**Provided entries**:
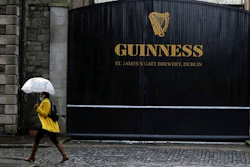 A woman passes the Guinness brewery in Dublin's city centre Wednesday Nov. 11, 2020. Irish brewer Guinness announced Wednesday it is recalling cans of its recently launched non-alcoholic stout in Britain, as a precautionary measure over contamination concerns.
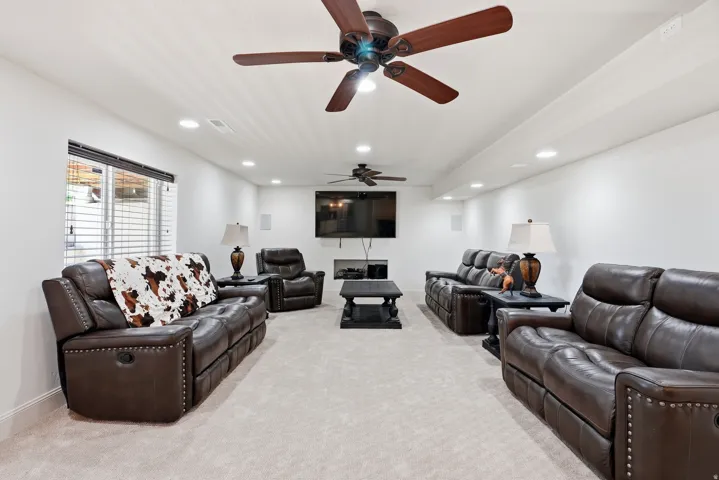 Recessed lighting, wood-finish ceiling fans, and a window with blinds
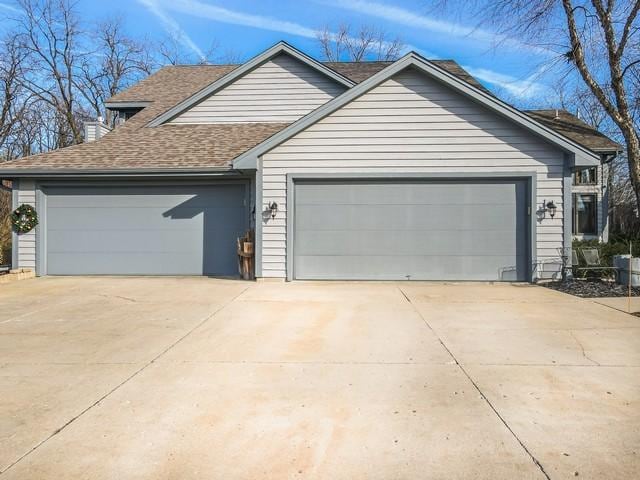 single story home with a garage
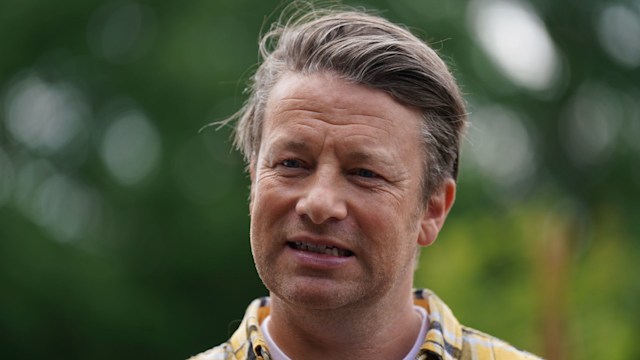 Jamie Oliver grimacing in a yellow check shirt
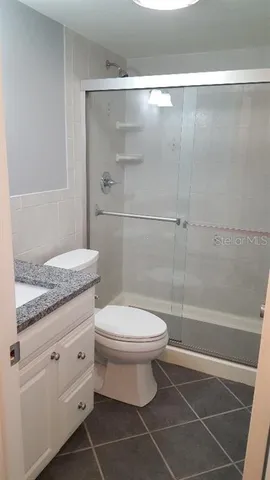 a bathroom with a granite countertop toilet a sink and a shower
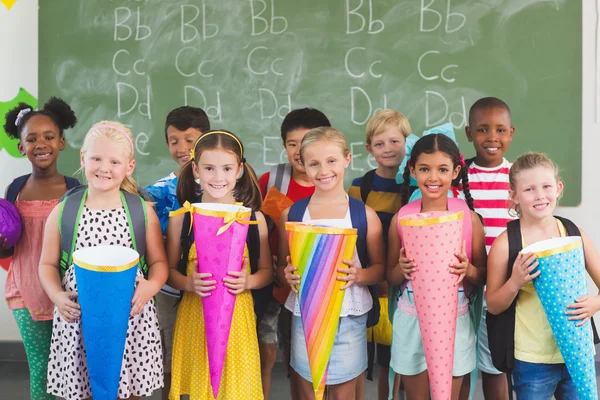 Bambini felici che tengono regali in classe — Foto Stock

---

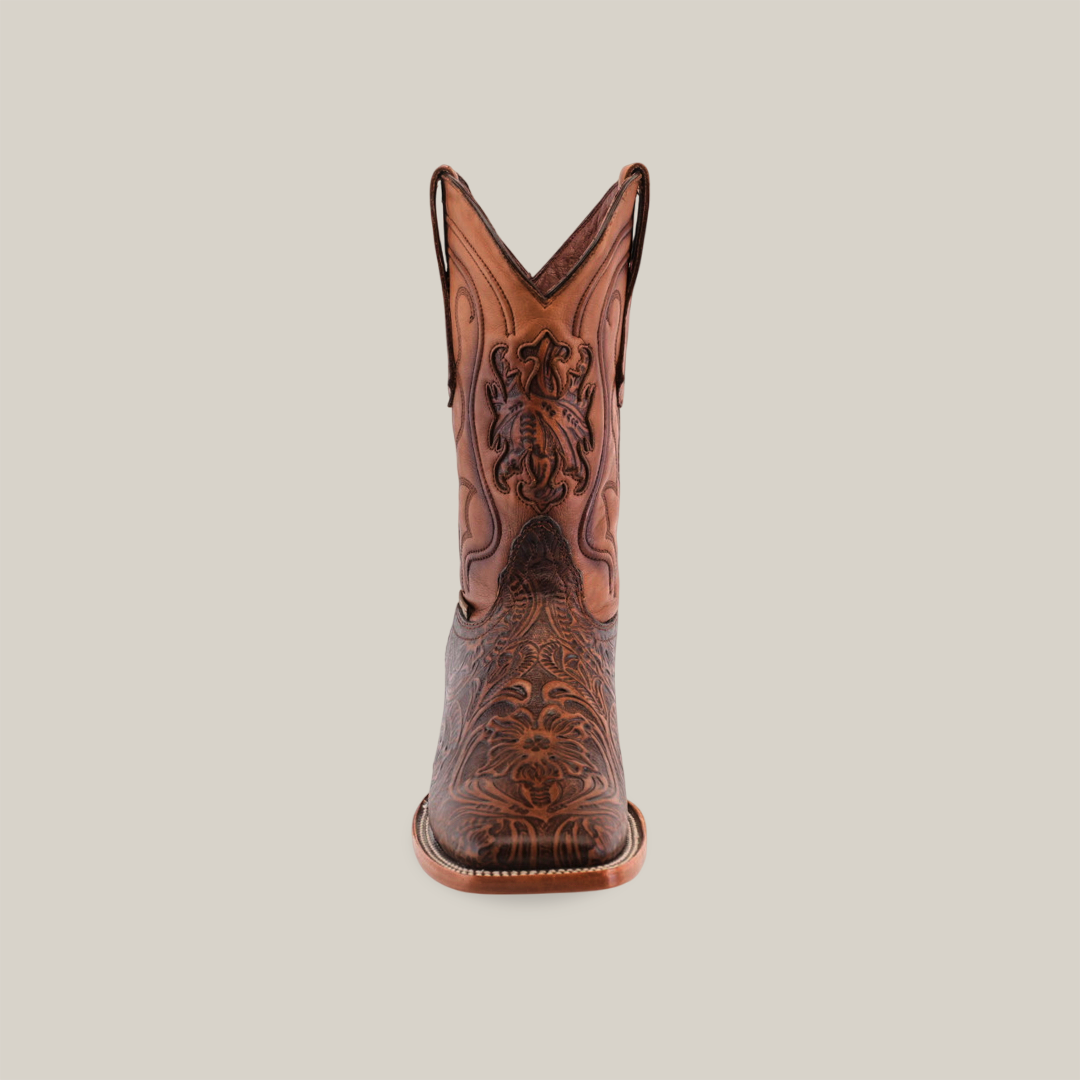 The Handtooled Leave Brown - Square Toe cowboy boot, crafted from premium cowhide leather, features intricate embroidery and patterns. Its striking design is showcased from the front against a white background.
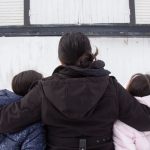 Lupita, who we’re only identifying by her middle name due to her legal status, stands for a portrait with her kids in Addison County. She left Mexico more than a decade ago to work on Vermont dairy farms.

...

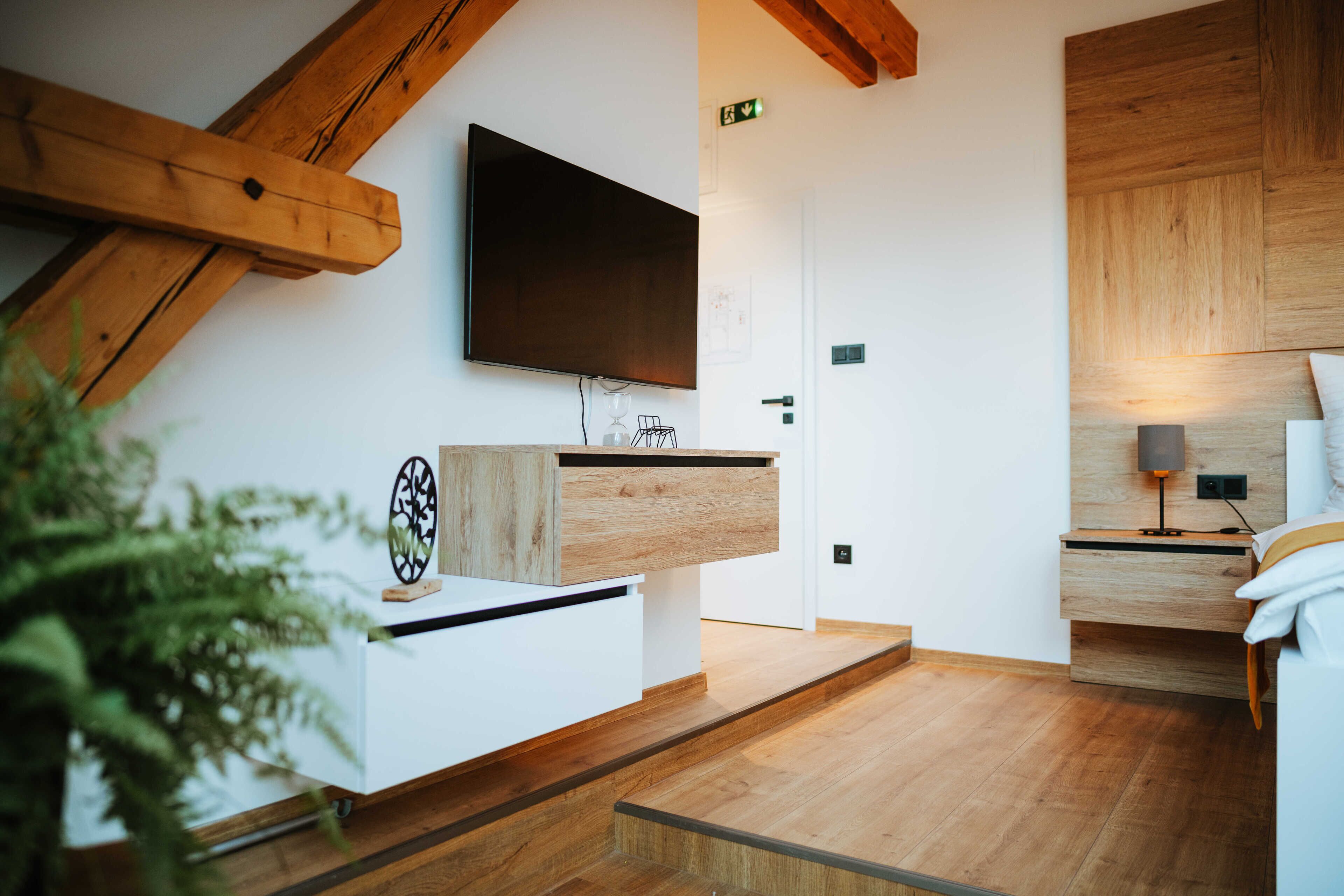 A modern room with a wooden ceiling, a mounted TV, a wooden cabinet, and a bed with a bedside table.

**Work request**: Go back to the lines above and output, exactly as they stand, the ones from the line containing "A woman passes" to the line containing "Bambini felici che". Leave all pictures behind.

**Written response**:
 A woman passes the Guinness brewery in Dublin's city centre Wednesday Nov. 11, 2020. Irish brewer Guinness announced Wednesday it is recalling cans of its recently launched non-alcoholic stout in Britain, as a precautionary measure over contamination concerns.
 Recessed lighting, wood-finish ceiling fans, and a window with blinds
 single story home with a garage
 Jamie Oliver grimacing in a yellow check shirt
 a bathroom with a granite countertop toilet a sink and a shower
 Bambini felici che tengono regali in classe — Foto Stock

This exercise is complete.